> _SOURCE MATERIAL_:
*** Block opens ***
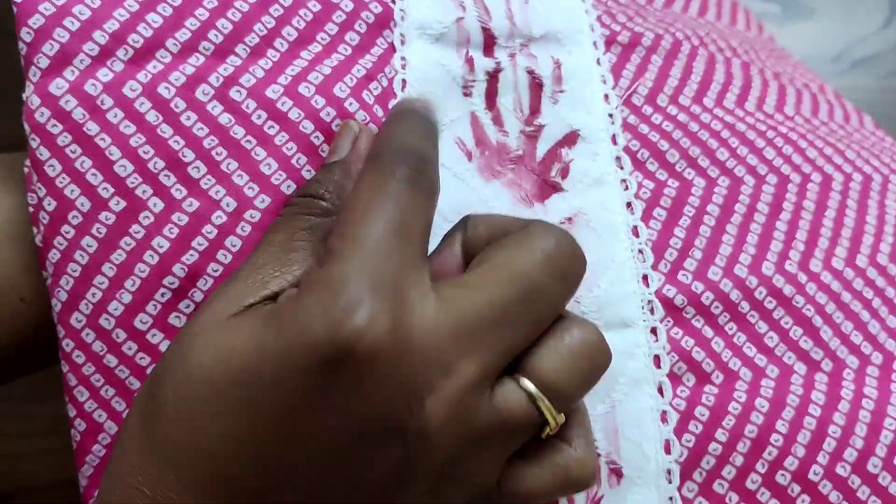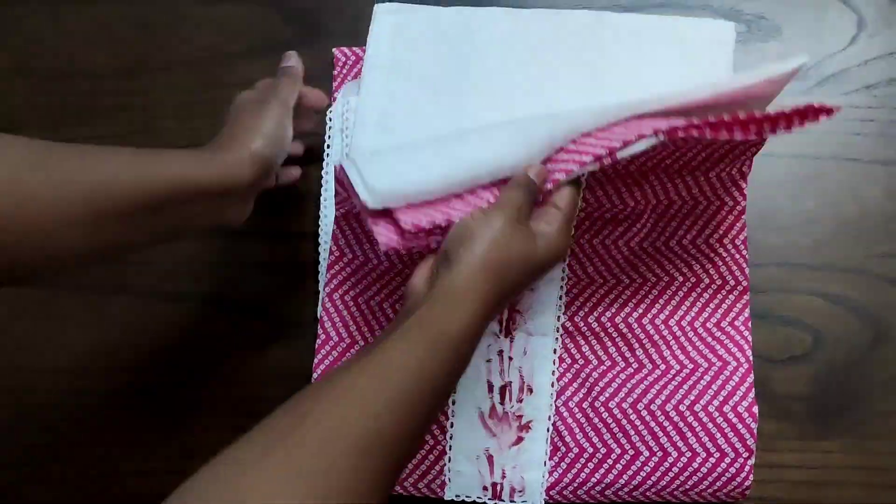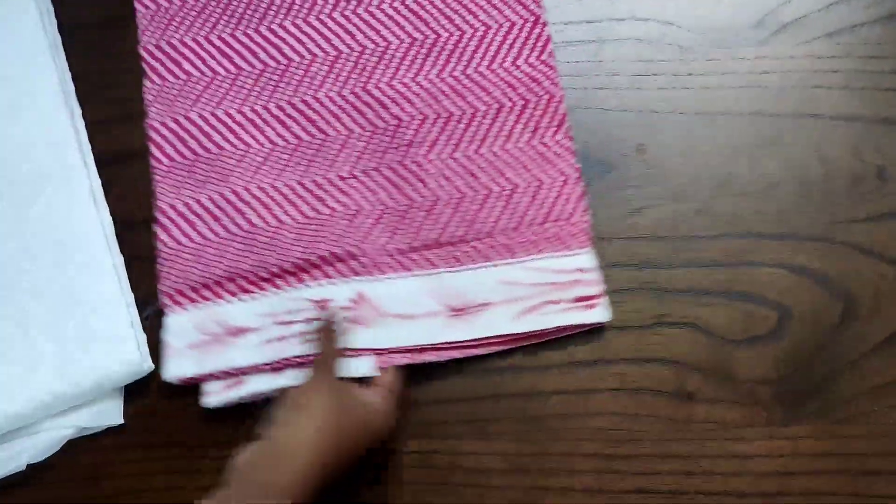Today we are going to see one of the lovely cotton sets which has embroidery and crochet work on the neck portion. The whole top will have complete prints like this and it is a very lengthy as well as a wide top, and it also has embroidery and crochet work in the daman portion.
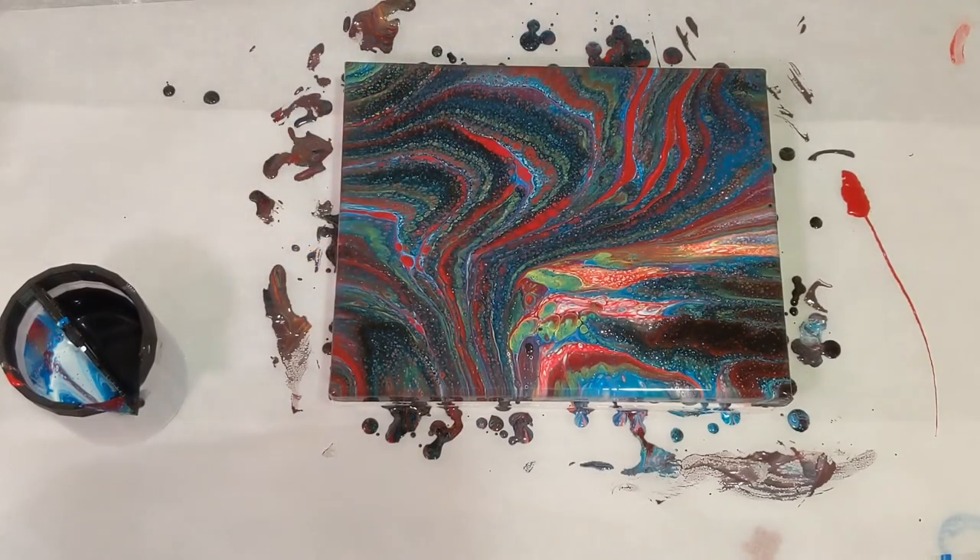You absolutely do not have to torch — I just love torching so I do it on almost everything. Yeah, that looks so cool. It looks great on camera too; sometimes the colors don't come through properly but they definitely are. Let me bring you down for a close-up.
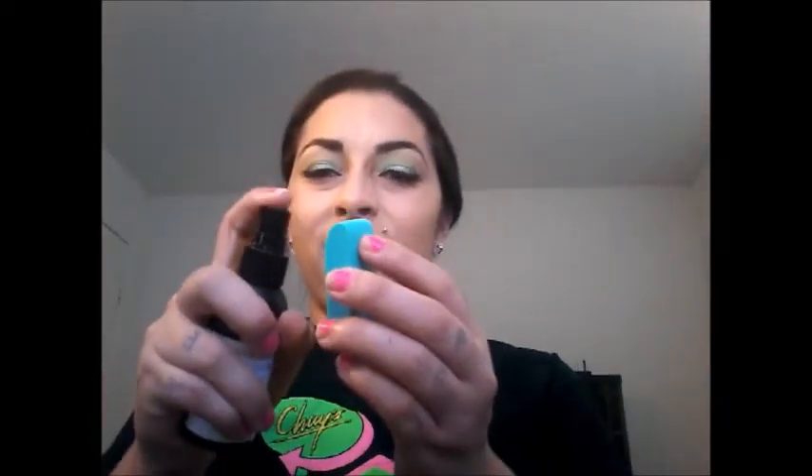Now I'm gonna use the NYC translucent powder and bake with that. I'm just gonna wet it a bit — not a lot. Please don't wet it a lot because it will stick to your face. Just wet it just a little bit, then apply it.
*** Block closes ***
> _TASK DIRECTIONS_: Copy the data precisely. Skip every picture.

> _ANSWER BOX_:
Today we are going to see one of the lovely cotton sets which has embroidery and crochet work on the neck portion. The whole top will have complete prints like this and it is a very lengthy as well as a wide top, and it also has embroidery and crochet work in the daman portion.
You absolutely do not have to torch — I just love torching so I do it on almost everything. Yeah, that looks so cool. It looks great on camera too; sometimes the colors don't come through properly but they definitely are. Let me bring you down for a close-up.
Now I'm gonna use the NYC translucent powder and bake with that. I'm just gonna wet it a bit — not a lot. Please don't wet it a lot because it will stick to your face. Just wet it just a little bit, then apply it.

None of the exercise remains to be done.